Wanted to post a followup that I have a work around and the details in case
someone else experiences
this issue. Credit for this goes to Jarrod Johnson.
Version 7.x and later of the BNT switches do not correctly report Ethernet vs.
Port Channel details over SNMP. So during xCAT auto discover, xCAT discovered
on switch5, PortChannel 1 the
MAC address of c6u29 (which was on switch6), but because of the SNMP bug in the
BNT firmware,
reported it attached to Ethernet port 1 instead of Port Channel 1, which caused
xCAT to see all the nodes
on switch6 as c5u1. We didn't experience this during the original discovery
process because we where
running 6.5.x firmware on our BNT switches, which doesn't appear to be
susceptible.
The resolution was to rename the port channel to a number that doesn't map to a
used Ethernet port.
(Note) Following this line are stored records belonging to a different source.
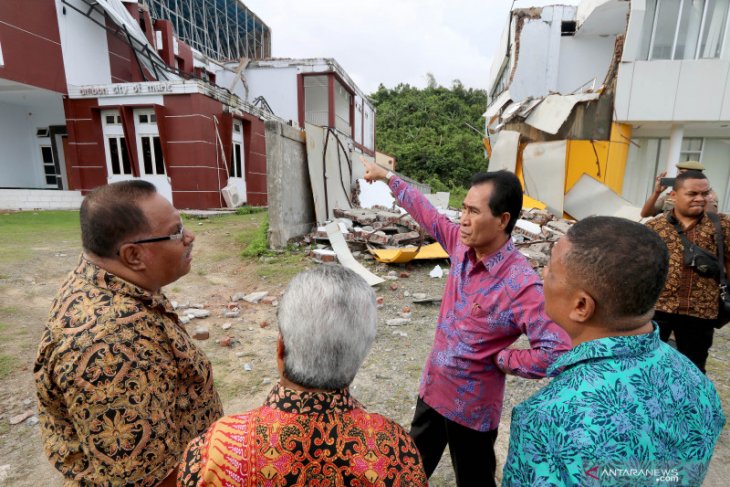 Pemkot Ambon data korban gempa 52 SR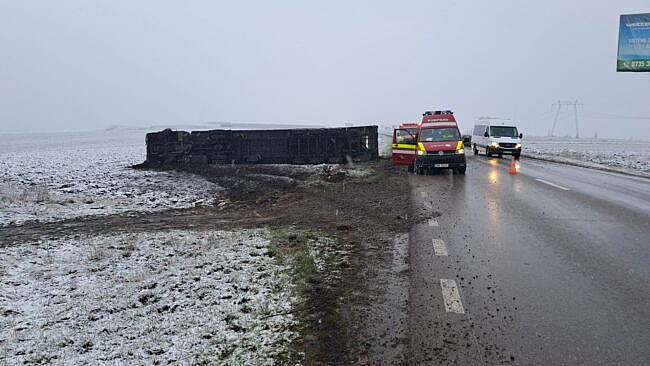 SUCEAVA: TIR răsturnat în afara carosabilului pe DN 2, la Cumpărătura. Traficul a fost blocat pe un sens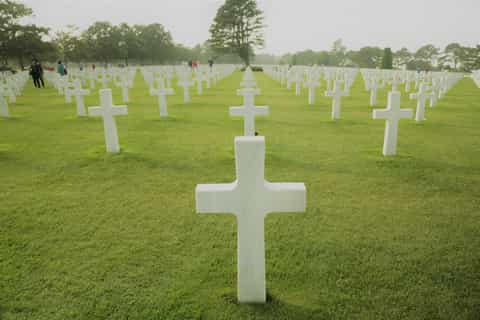 Paris: Normandy D-Day Landing Beaches Day Tour with Lunch
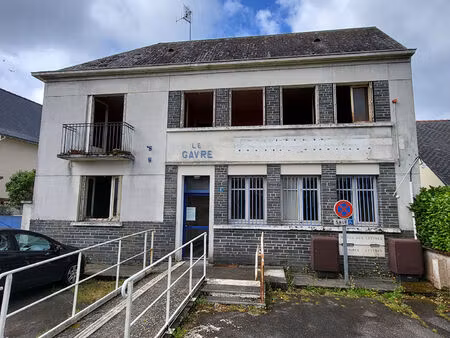vente immeuble 7 pièces  170.00m²  blain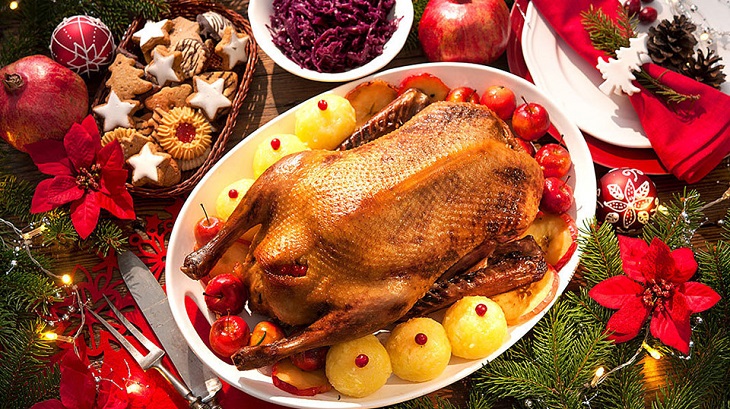 Ngỗng Giáng Sinh là món ăn truyền thống của người Đức có hương vị khá giống với món vịt quay Bắc Kinh của người Châu Á.
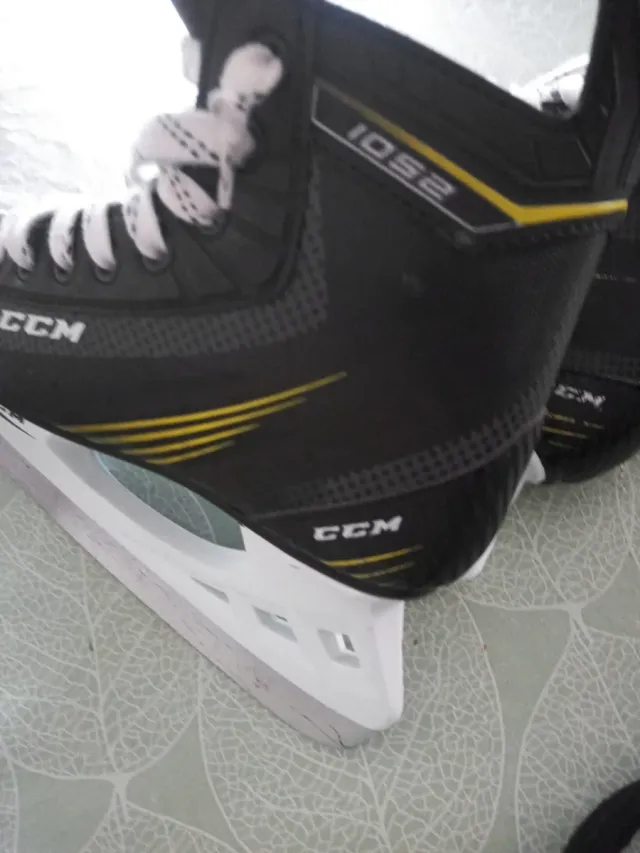 Patines CCM Hockey37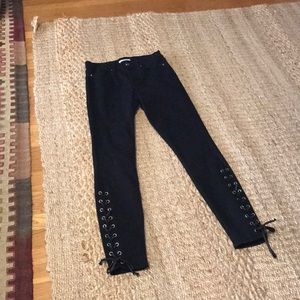 GOOD AMERICAN lace up denim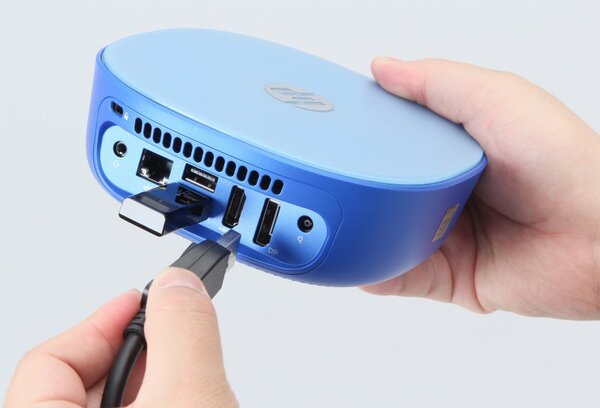 ASCII.jp：HPの手のひらPC「Stream Mini」を片手でつまみながらレビュー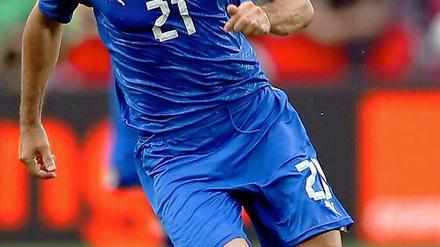 Der überragende Spielmacher Andrea Pirlo sorgt mit seinen Pässen für das Tempo im Spiel der italienischen Nationalmannschaft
We opted to use Port Channel 48, which isn't a used port
on any of our switches and there
is no "cXu48" defined in xCAT anywhere in our config. Once we did that,
discovery worked without issue.
-Brad
===================================================
Brad Viviano
High Performance Computing & Scientific Visualization
Lockheed Martin, Supporting the EPA
Research Triangle Park, NC
919-541-2696
HSCSS Task Order Lead - Ravi Nair
919-541-5467 - [email protected]
High Performance Computing Subtask Lead - Durward Jones
919-541-5043 - [email protected]
Environmental Modeling and Visualization Lead - Heidi Paulsen
919-541-1834 - [email protected]
________________________________
From: Viviano, Brad <[email protected]>
Sent: Monday, April 28, 2014 10:26 AM
To: xCAT Users Mailing list
Subject: [xcat-user] Problem with automatic node discovery on iDataplex nodes.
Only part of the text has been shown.